* **Problem**: In the records below, find the line containing "a living room" and the line containing "Handgemachte Filzblumentasche - Wilde Blumen". Give again exactly those lines and every line between them, omitting the pictures.
*** Opening of Recorded information ***
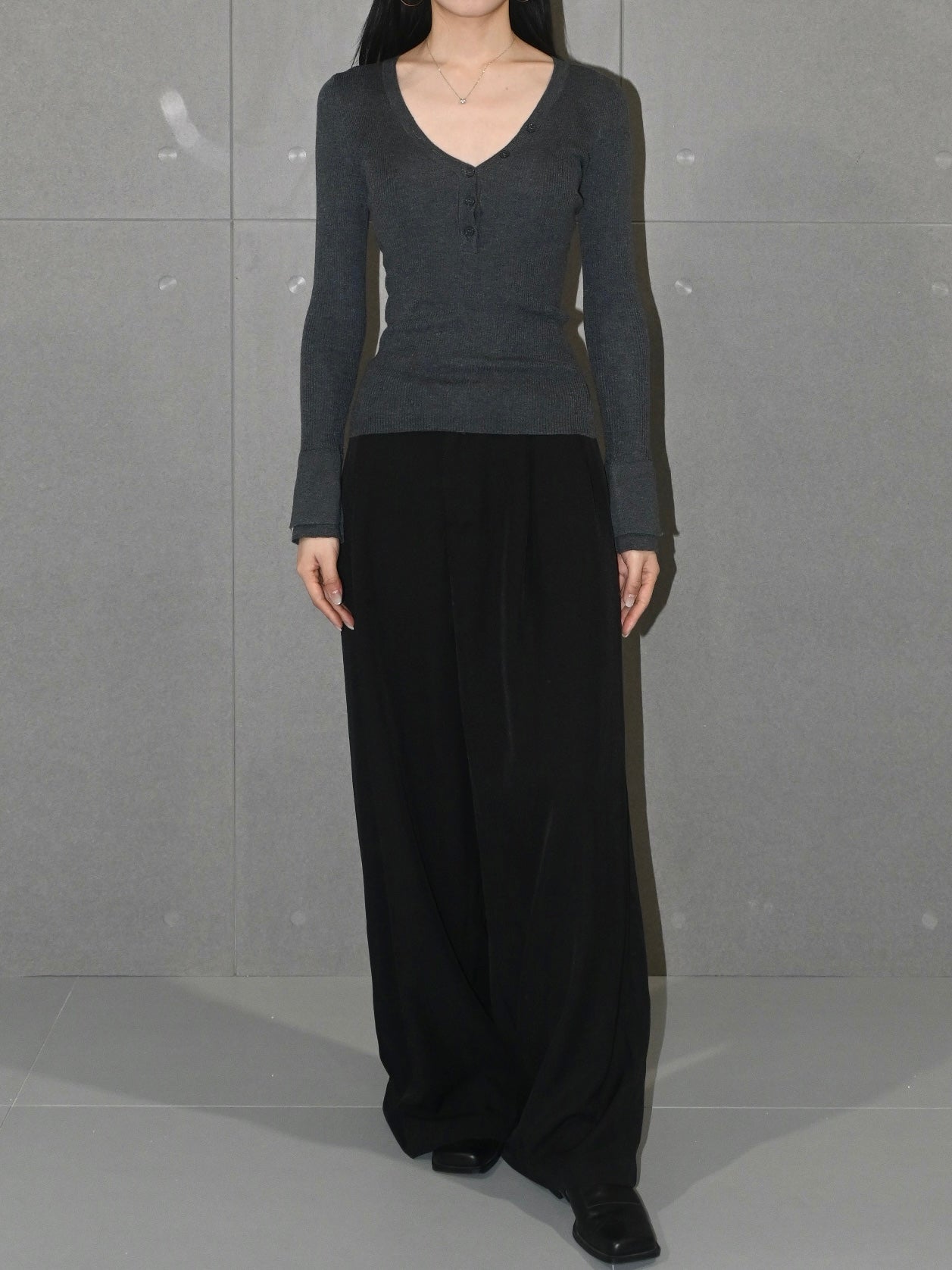 V-neck Fitted Rib Knit Top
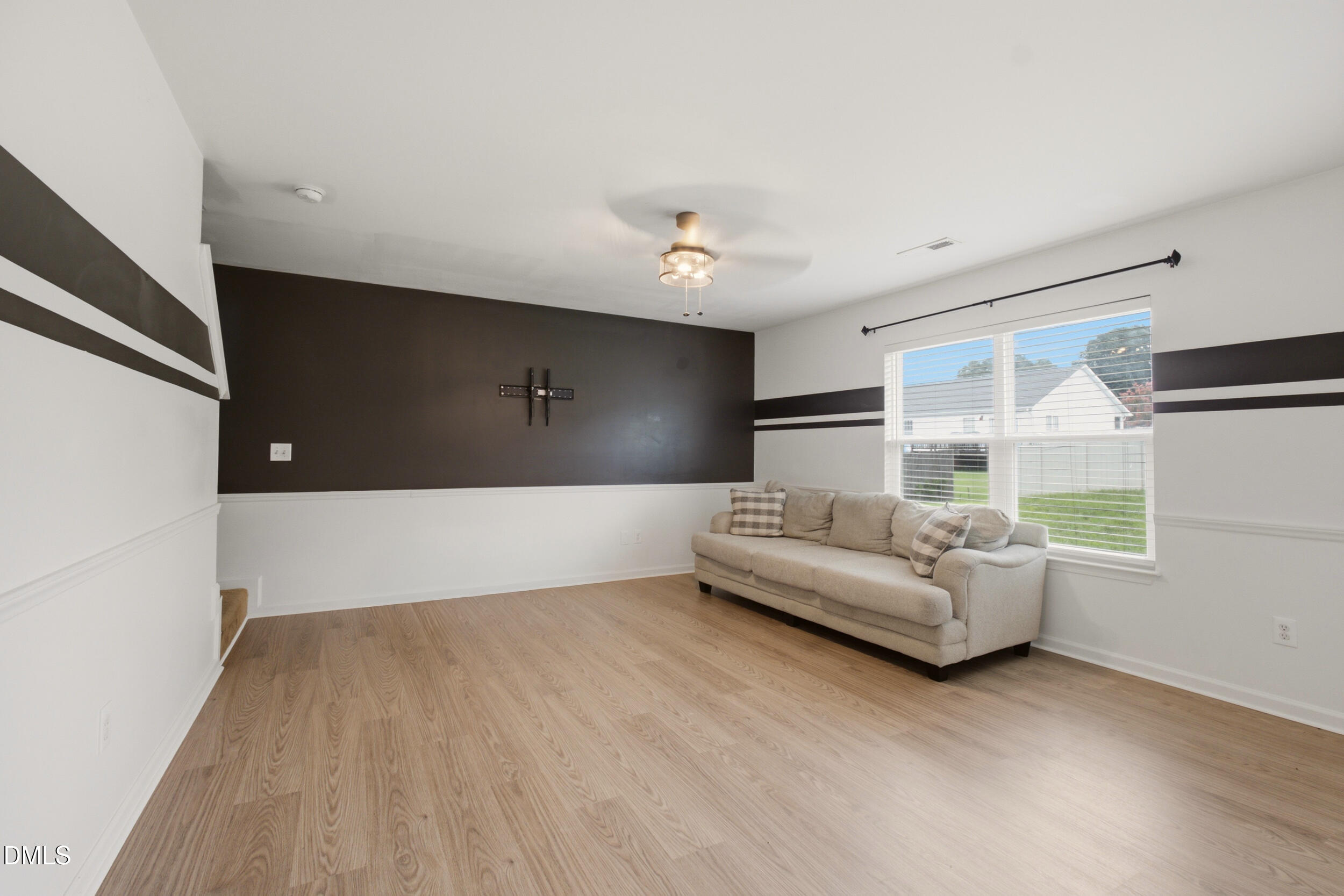 707 Bentley Lane Property Photo 8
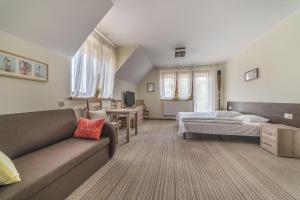 a living room with a couch and a bed at Willa Vela in Władysławowo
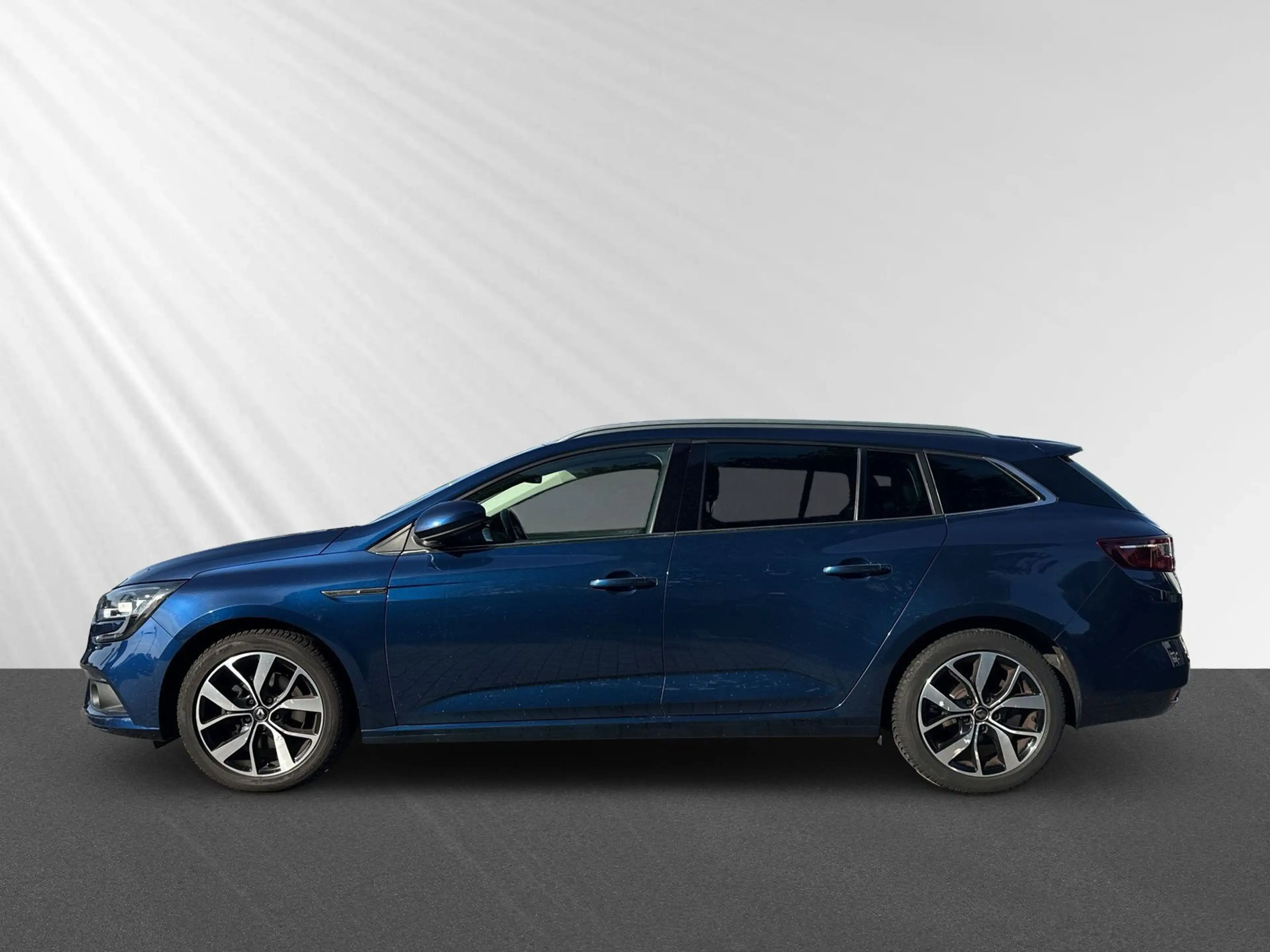 Renault Megane MEGANE IV GRANDTOUR 1.3 160 BOSE+MASSAGE+ANHÄNGE — photo 3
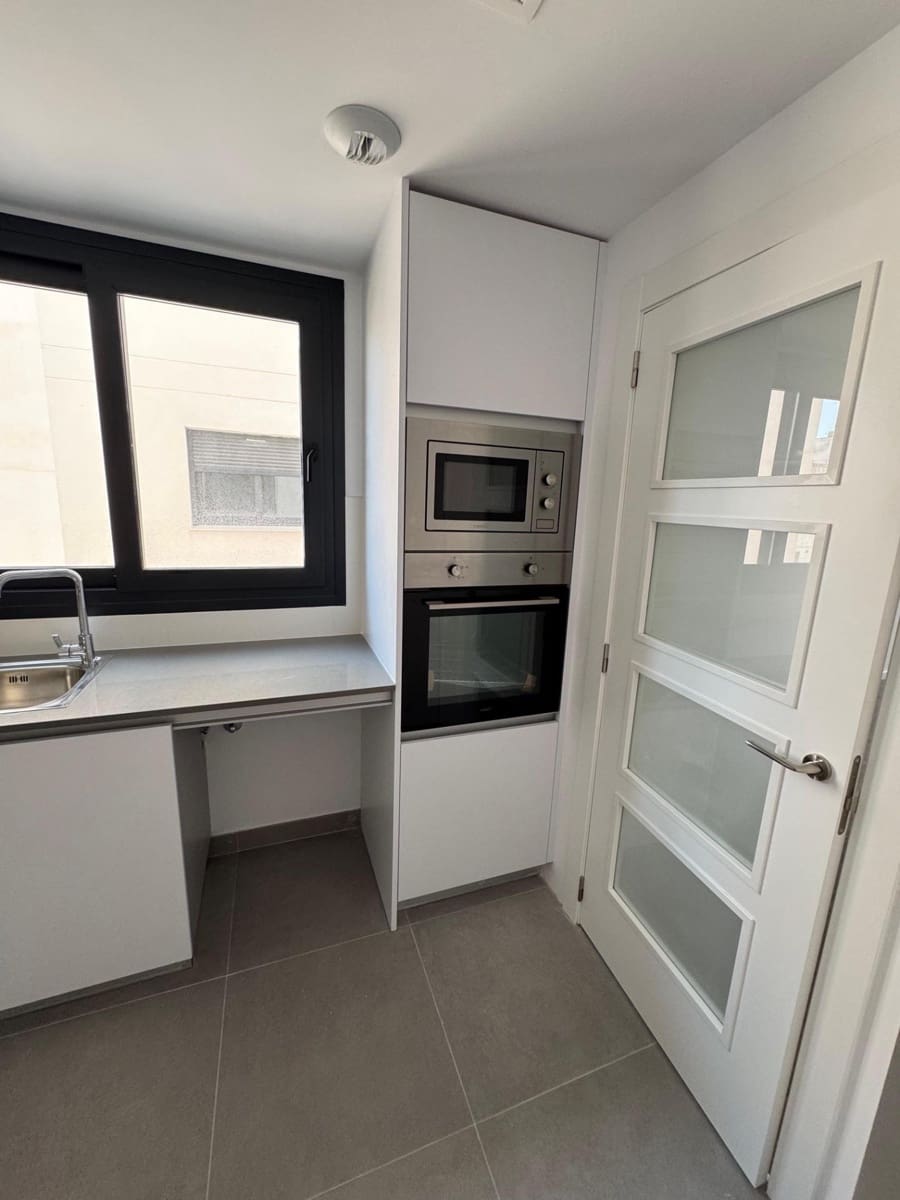 3 soveværelse Lejlighed til leje i Valencia by - € 2.000 (Ref: 9488720)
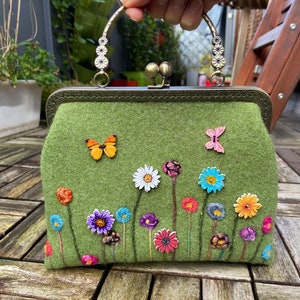Handgemachte Filzblumentasche - Wilde Blumen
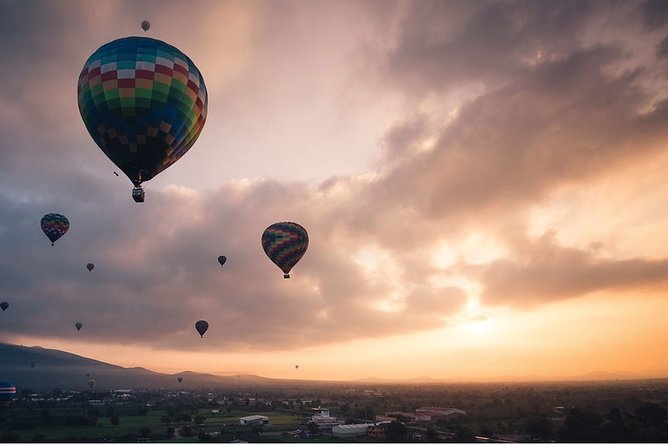 Teotihuacan Shared Hot Air Balloon Air Balloon Tour with Guide - Price and value: what $400 buys you (and what it doesn’t)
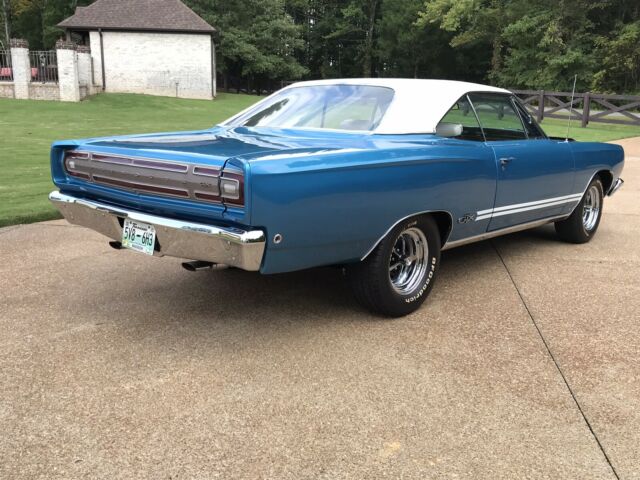 Plymouth GTX Hardtop 1968 image number 32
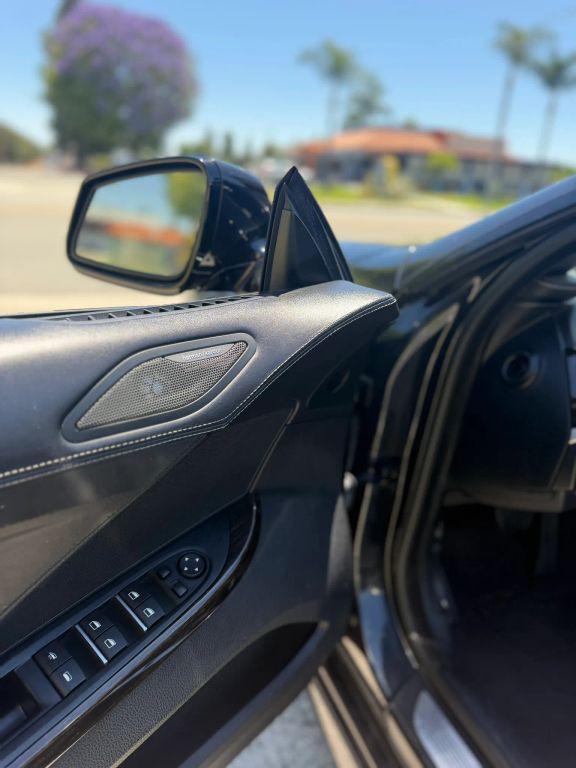 BMW 6 Series view 27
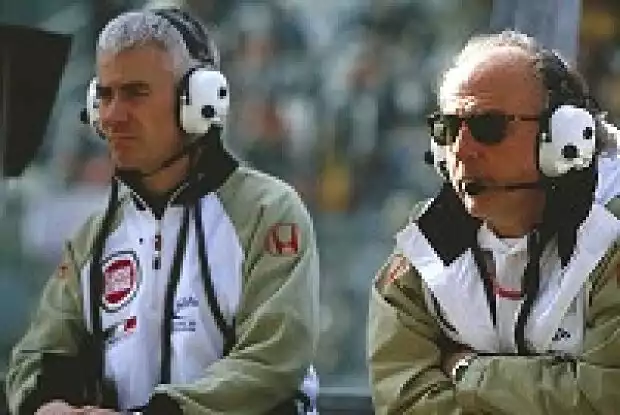 Geoffrey Willis (Technischer Direktor) und David Richards (Teamchef) Titel-Bild zur News: Geoffrey Willis (Technischer Direktor) und David Richards (Teamchef)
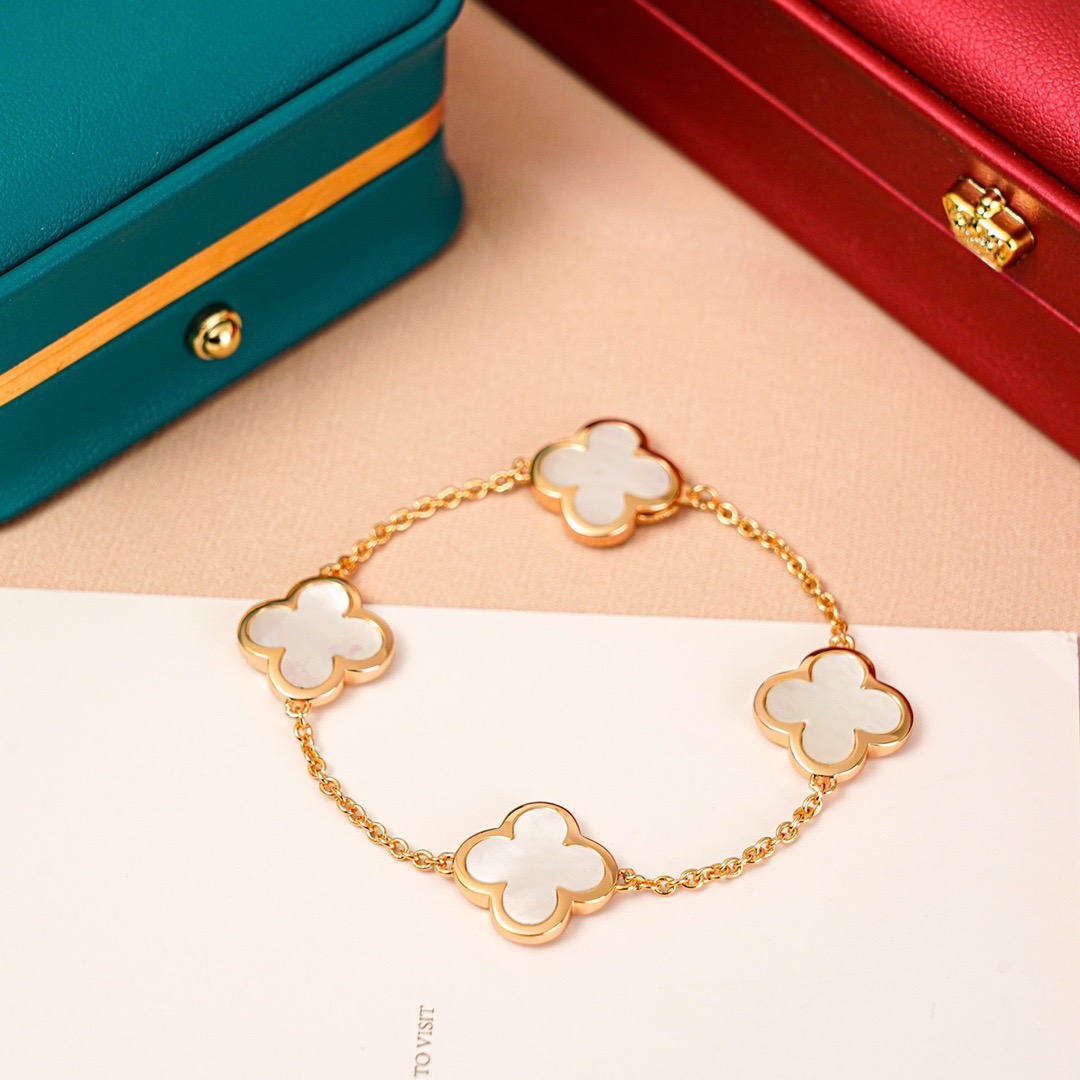 Van Cleef&Arpels White Fritillaria Bracelet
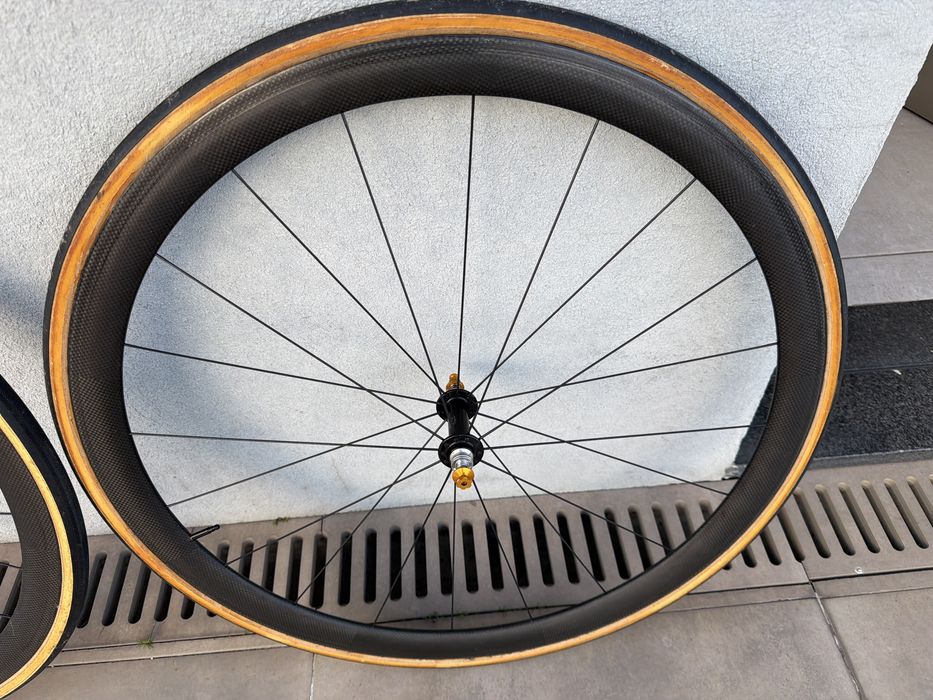 Rodas carbono com pneus novos cepo de 12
*** Close of Recorded information ***
* **Exercise solution**:
 a living room with a couch and a bed at Willa Vela in Władysławowo
 Renault Megane MEGANE IV GRANDTOUR 1.3 160 BOSE+MASSAGE+ANHÄNGE — photo 3
 3 soveværelse Lejlighed til leje i Valencia by - € 2.000 (Ref: 9488720)
Handgemachte Filzblumentasche - Wilde Blumen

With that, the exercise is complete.